The second edition of the European Area of Recognition manual for Higher Education Institutions (EAR HEI), first published in 2012, is now available and includes valuable updates of several chapters, also featuring latest developments in the area of recognition.
The manual that sets out clear and coherent standards on all aspects of international recognition, serves as a reference tool for recognition offices in Europe to practice fair recognition and offers policy makers a resource for improving national strategy. Its second edition offers new insights by:
Viewing fair and smooth recognition as a pre-condition of mobility and as the basis of further cooperation in the European Higher Education Area, the manual remains relevant because of automatic recognition and because of the new European Standards and Guidelines (ESG) standard 1.4 that recommends to make accreditation part of the internal quality assurance procedure, where the manual offers good practice to achieve this.
- Providing a direct and practical response to the challenges and expectations raised by politicians, policy makers, students, parents and employers all over the world.

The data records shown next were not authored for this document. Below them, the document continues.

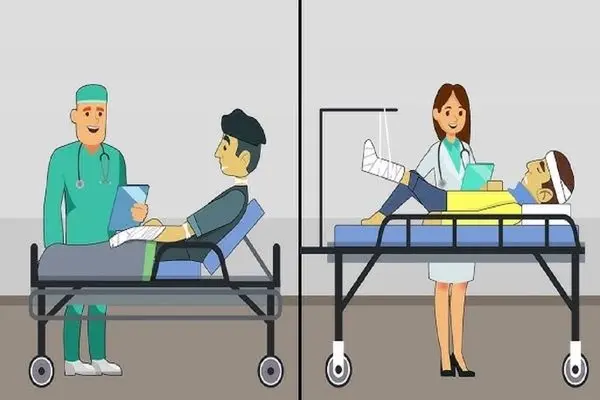  بازی فکری؛ اگه میخوای زبانزد خاص و عام بشی و برات تعظیم کنن جراح مصدوم رو پیدا کن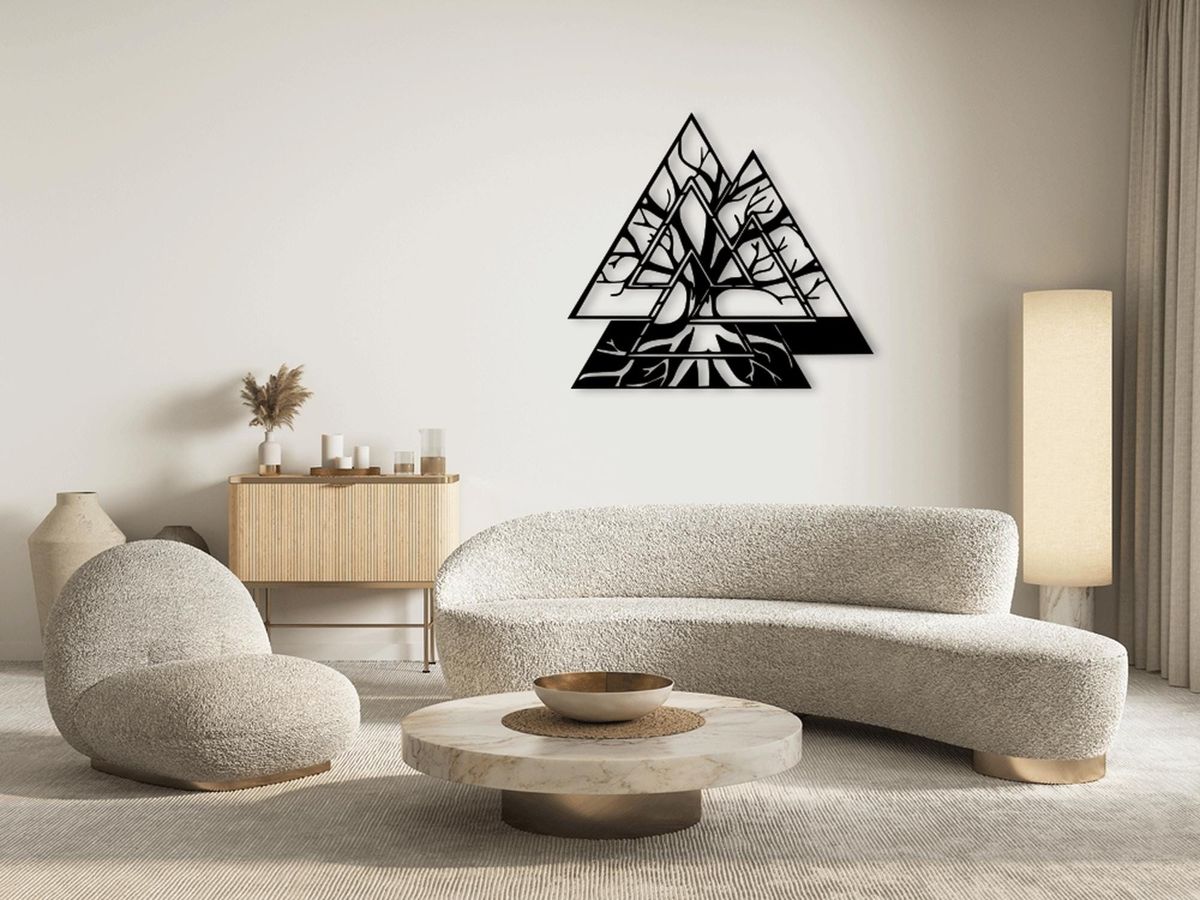 WallArt Modern Nature Tree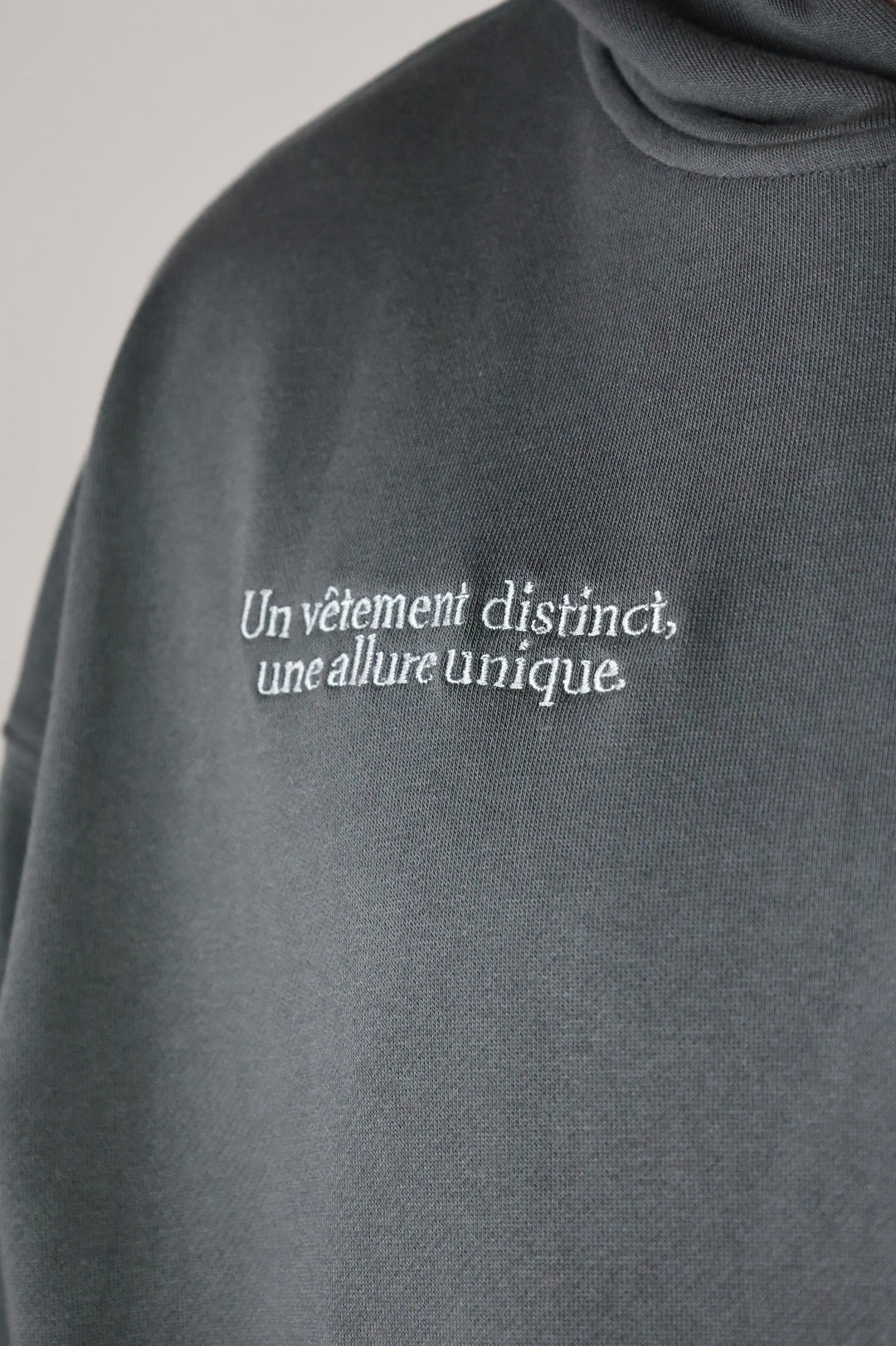 Boutique Hoodie Anthracite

- Showing new pathways for the current migration crisis within Europe by outlining and detailing good practice for the recognition of qualification holders without documentation.
- Addresses the need for a recognition manual specifically on recognition issues in higher education institutions and their internationalisation processes, providing examples of best practice covering the full range of recognition procedures, taking admissions officers and credential evaluators by the hand, guiding them through all the processes of recognition at institutional level.
- The manual provides institutions with the perfect instrument with which to ensure that they are systematically meeting their legal obligations. Focusing on institutional policy makers, the manual’s practice-illustrations are aligned with the Bologna Ministers’ encouragement of higher education to bring recognition procedures into quality assurance and ensuring coherent institutional policies on recognition are based on the Lisbon Recognition Convention.